▶ [WHAT THE TASK REQUIRES]:
The listing below needs to be copied in full, exactly.

▶ [PROVIDED ENTRIES]:
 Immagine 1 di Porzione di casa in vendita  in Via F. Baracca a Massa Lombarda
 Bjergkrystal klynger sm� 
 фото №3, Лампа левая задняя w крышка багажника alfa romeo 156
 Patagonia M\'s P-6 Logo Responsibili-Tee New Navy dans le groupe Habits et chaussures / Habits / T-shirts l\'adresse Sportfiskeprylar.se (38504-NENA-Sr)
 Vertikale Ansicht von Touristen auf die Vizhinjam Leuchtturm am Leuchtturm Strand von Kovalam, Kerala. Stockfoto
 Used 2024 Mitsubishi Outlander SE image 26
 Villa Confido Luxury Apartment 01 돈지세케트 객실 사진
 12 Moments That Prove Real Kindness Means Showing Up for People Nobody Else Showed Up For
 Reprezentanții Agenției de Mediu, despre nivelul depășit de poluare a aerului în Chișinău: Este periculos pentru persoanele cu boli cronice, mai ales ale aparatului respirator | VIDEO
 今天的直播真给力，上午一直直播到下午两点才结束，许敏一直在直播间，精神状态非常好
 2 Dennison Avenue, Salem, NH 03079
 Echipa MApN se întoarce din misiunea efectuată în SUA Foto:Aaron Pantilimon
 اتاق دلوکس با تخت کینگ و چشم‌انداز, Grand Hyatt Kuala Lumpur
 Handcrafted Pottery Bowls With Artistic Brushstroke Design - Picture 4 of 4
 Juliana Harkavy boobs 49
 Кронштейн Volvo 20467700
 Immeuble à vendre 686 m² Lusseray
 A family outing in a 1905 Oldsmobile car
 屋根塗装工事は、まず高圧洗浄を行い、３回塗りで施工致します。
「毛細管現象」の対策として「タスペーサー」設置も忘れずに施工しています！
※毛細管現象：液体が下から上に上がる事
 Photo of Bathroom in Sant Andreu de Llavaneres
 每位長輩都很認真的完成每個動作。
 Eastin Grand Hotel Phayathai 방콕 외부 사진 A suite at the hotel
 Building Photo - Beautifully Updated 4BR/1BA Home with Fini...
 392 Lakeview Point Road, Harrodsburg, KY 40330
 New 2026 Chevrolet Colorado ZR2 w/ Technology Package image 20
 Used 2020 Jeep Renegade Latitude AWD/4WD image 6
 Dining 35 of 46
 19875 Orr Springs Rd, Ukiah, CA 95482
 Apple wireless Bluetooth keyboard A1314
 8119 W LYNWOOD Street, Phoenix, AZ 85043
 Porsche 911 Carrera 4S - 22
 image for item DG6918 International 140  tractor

▶ [RESPONSE TO THIS TASK]:
 Immagine 1 di Porzione di casa in vendita  in Via F. Baracca a Massa Lombarda
 Bjergkrystal klynger sm� 
 фото №3, Лампа левая задняя w крышка багажника alfa romeo 156
 Patagonia M\'s P-6 Logo Responsibili-Tee New Navy dans le groupe Habits et chaussures / Habits / T-shirts l\'adresse Sportfiskeprylar.se (38504-NENA-Sr)
 Vertikale Ansicht von Touristen auf die Vizhinjam Leuchtturm am Leuchtturm Strand von Kovalam, Kerala. Stockfoto
 Used 2024 Mitsubishi Outlander SE image 26
 Villa Confido Luxury Apartment 01 돈지세케트 객실 사진
 12 Moments That Prove Real Kindness Means Showing Up for People Nobody Else Showed Up For
 Reprezentanții Agenției de Mediu, despre nivelul depășit de poluare a aerului în Chișinău: Este periculos pentru persoanele cu boli cronice, mai ales ale aparatului respirator | VIDEO
 今天的直播真给力，上午一直直播到下午两点才结束，许敏一直在直播间，精神状态非常好
 2 Dennison Avenue, Salem, NH 03079
 Echipa MApN se întoarce din misiunea efectuată în SUA Foto:Aaron Pantilimon
 اتاق دلوکس با تخت کینگ و چشم‌انداز, Grand Hyatt Kuala Lumpur
 Handcrafted Pottery Bowls With Artistic Brushstroke Design - Picture 4 of 4
 Juliana Harkavy boobs 49
 Кронштейн Volvo 20467700
 Immeuble à vendre 686 m² Lusseray
 A family outing in a 1905 Oldsmobile car
 屋根塗装工事は、まず高圧洗浄を行い、３回塗りで施工致します。
「毛細管現象」の対策として「タスペーサー」設置も忘れずに施工しています！
※毛細管現象：液体が下から上に上がる事
 Photo of Bathroom in Sant Andreu de Llavaneres
 每位長輩都很認真的完成每個動作。
 Eastin Grand Hotel Phayathai 방콕 외부 사진 A suite at the hotel
 Building Photo - Beautifully Updated 4BR/1BA Home with Fini...
 392 Lakeview Point Road, Harrodsburg, KY 40330
 New 2026 Chevrolet Colorado ZR2 w/ Technology Package image 20
 Used 2020 Jeep Renegade Latitude AWD/4WD image 6
 Dining 35 of 46
 19875 Orr Springs Rd, Ukiah, CA 95482
 Apple wireless Bluetooth keyboard A1314
 8119 W LYNWOOD Street, Phoenix, AZ 85043
 Porsche 911 Carrera 4S - 22
 image for item DG6918 International 140  tractor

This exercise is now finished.